According to federal prosecutors, Mr. Jenkins and Mr. Parker had been staying at a ranch-style home in Braxton, Miss., that was owned by a white woman who was a longtime friend of Mr. Parker’s.

On Jan. 24, one of the Rankin County sheriff’s investigators received a complaint from his white neighbor that “several” Black men were staying at the house and that the neighbor had observed “suspicious behavior” there, the complaint states.

The investigator contacted another member of the sheriff’s office, Christian Lee Dedmon, who reached out to members of “the goon squad,” the complaint states.

“Are y’all available for a mission?” Mr. Dedmon texted them, the complaint states.

That night, the six officers raided the home without a warrant, as several of them kicked in the back door and a carport door, the complaint states.

The officers handcuffed Mr. Jenkins and Mr. Parker and repeatedly shocked them with Tasers, the complaint states. Mr. Parker was also kicked in the ribs. Mr. Dedmon “demanded to know where the drugs were” and fired a shot into the back of the house, the complaint states. Mr. Parker replied that there were no drugs.

The officers hurled racial slurs at the men, accused them of “taking advantage” of the white woman who owned the house and told them to “go back to Jackson or to ‘their side’ of the Pearl River, areas with higher concentrations of Black residents,” the complaint states.

In the house, one of the deputies put a sex toy onto the end of a BB gun, forced it into Mr. Parker’s mouth and tried to force it into Mr. Jenkins’s mouth, according to the complaint. While the men were handcuffed, they were held down while milk, alcohol and chocolate syrup were poured onto their faces and into their mouths, the complaint states.

The men were then ordered to strip naked and to shower off to wash away evidence of the abuse before they were taken to jail, the complaint states.

After they had showered, the men were beaten with a wooden kitchen tool and a metal sword. The officers repeatedly jolted the men with Tasers again.

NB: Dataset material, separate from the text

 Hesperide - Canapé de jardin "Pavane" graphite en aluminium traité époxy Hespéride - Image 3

One of the deputies then subjected Mr. Jenkins to what federal prosecutors described as a mock execution, the complaint states. That deputy, Hunter Thomas Elward, forced Mr. Jenkins onto his knees, stuck an unloaded gun into his mouth and pulled the trigger, the complaint states.

He then racked the slide, intending to “dry-fire” the gun a second time, the complaint states. But when Mr. Elward put the gun back into Mr. Jenkins’s mouth and pulled the trigger, he fired a bullet that lacerated Mr. Jenkins’s tongue, broke his jaw and exited through his neck, the complaint states.

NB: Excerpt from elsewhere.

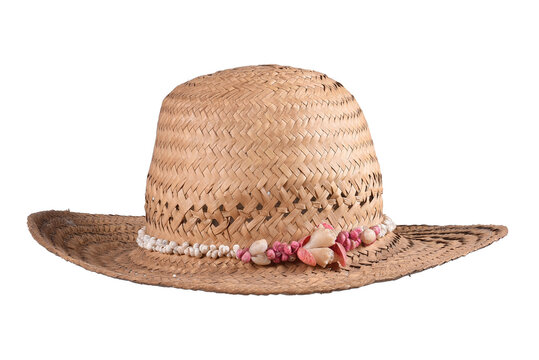 Women's summer yellow straw hat with ribbon fashionable style on white background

Lawyers for Mr. Dedmon and Mr. Elward did not immediately respond to requests for comment on Thursday.

Melvin Jenkins, Mr. Jenkins’s father, said that he was glad that the former officers had been charged.

“I’m so glad that justice was carried out, and maybe this will help other families,” Mr. Jenkins said in an interview on Thursday.

“I know it won’t put an end to it,” he added, but “maybe another family won’t have to bury their child or go through what we went through.”

Mr. Jenkins said that while his son’s physical condition was slowly improving, he still had “a long way to go.”